| Supplied information |
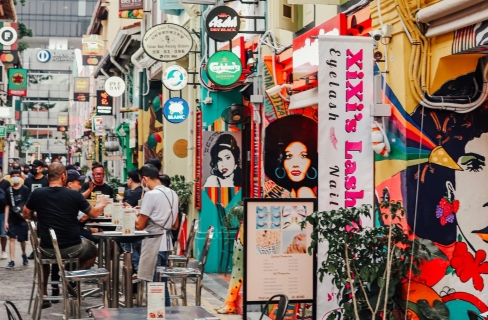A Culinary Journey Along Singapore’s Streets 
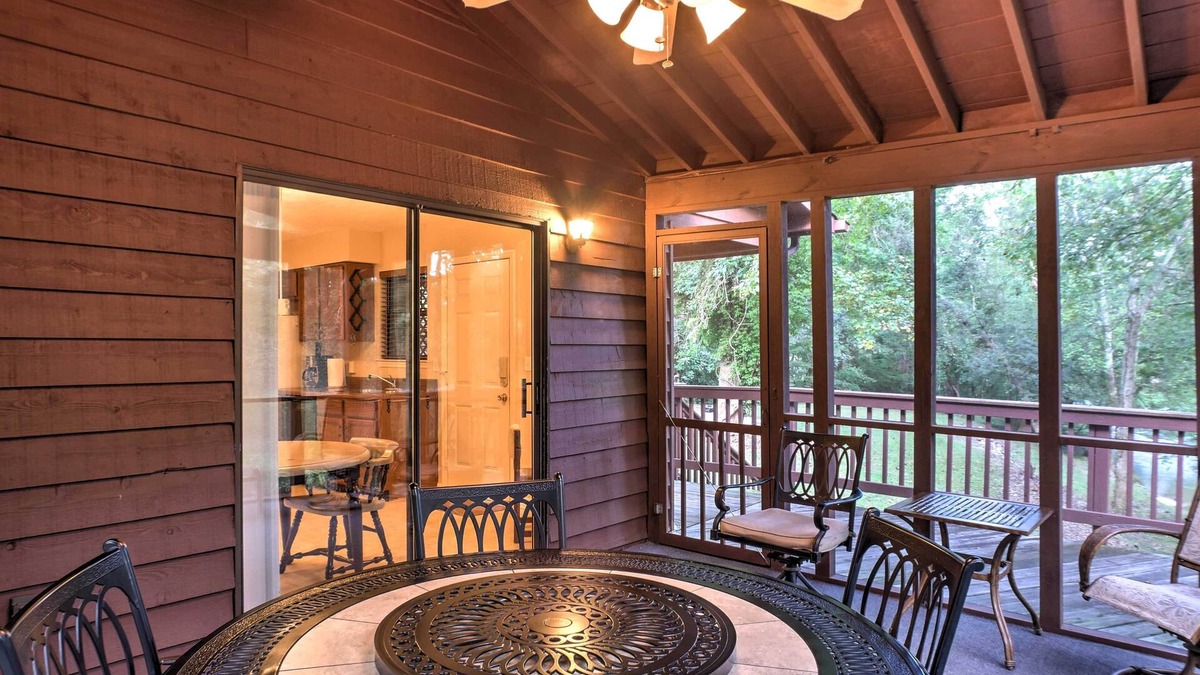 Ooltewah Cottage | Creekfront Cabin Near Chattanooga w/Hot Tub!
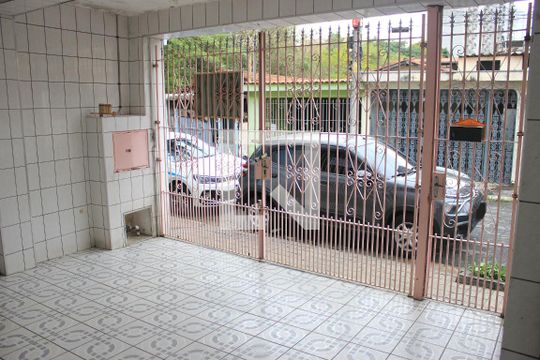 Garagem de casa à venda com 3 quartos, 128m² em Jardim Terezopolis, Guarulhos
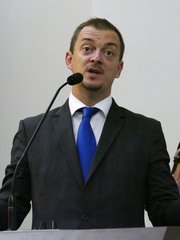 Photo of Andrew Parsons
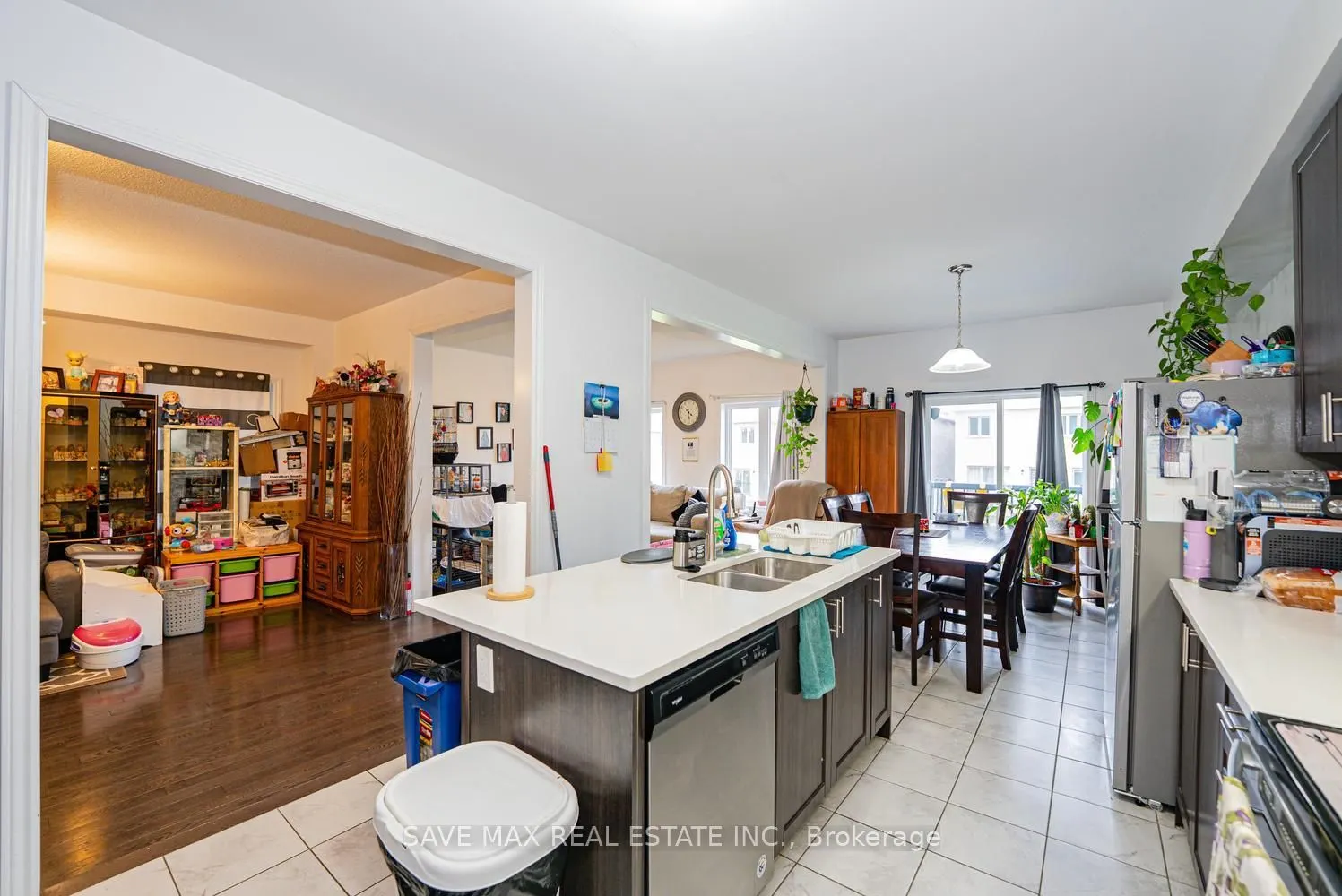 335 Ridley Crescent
...
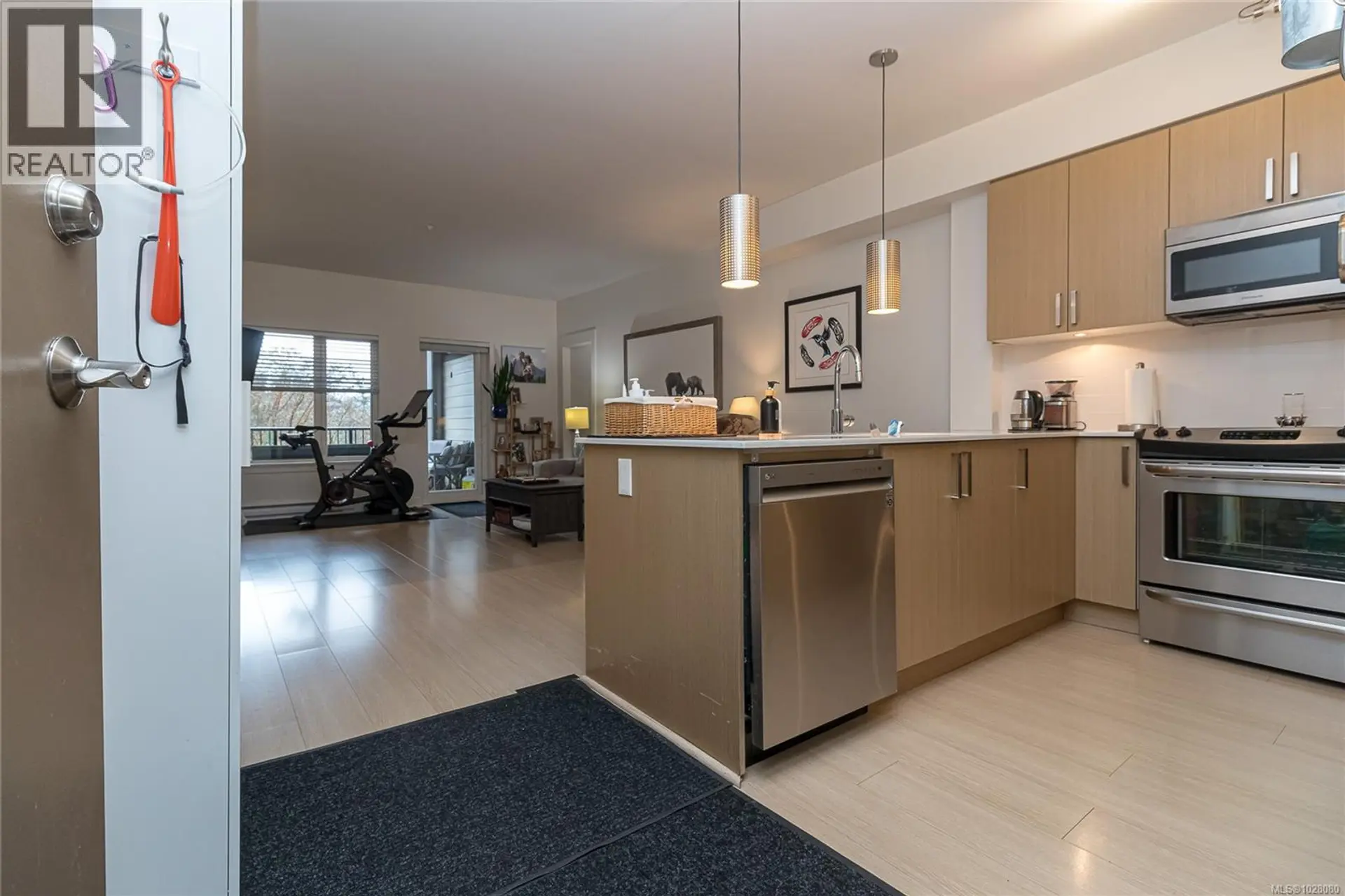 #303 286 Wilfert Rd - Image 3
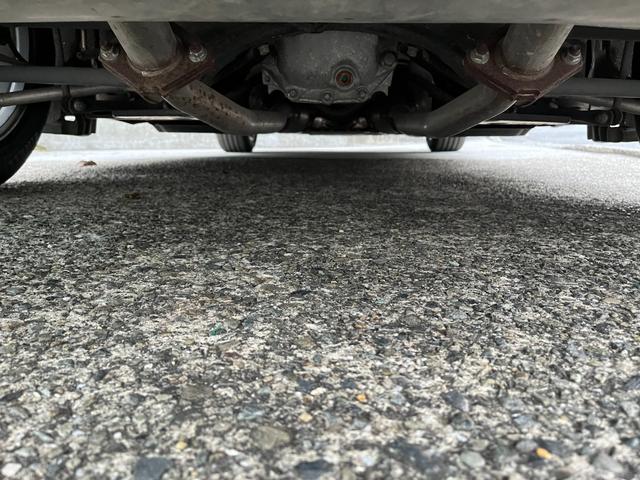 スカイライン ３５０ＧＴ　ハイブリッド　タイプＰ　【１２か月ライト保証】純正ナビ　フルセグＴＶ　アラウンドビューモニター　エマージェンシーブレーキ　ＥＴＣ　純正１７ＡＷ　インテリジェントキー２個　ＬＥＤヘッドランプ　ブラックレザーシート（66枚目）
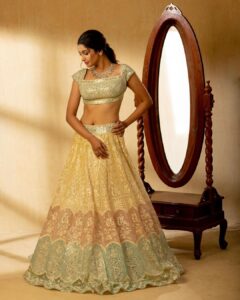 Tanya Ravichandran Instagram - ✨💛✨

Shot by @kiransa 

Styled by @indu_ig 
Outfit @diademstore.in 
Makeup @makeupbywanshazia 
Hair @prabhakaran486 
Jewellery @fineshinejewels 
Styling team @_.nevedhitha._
...
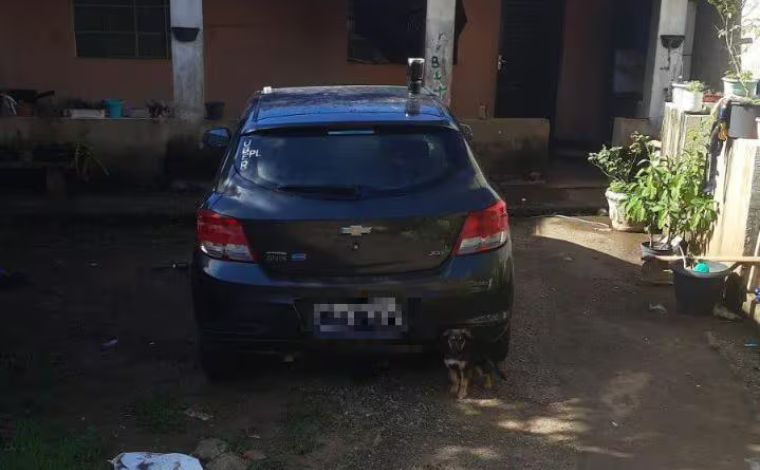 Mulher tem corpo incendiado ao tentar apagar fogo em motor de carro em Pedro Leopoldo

| What you are asked to do |
Beginning at the line above with "Shot by @kiransa" and finishing at the line with "Styling team @_.nevedhitha._", return each line exactly and return nothing else.

| Output for this task |
Shot by @kiransa 

Styled by @indu_ig 
Outfit @diademstore.in 
Makeup @makeupbywanshazia 
Hair @prabhakaran486 
Jewellery @fineshinejewels 
Styling team @_.nevedhitha._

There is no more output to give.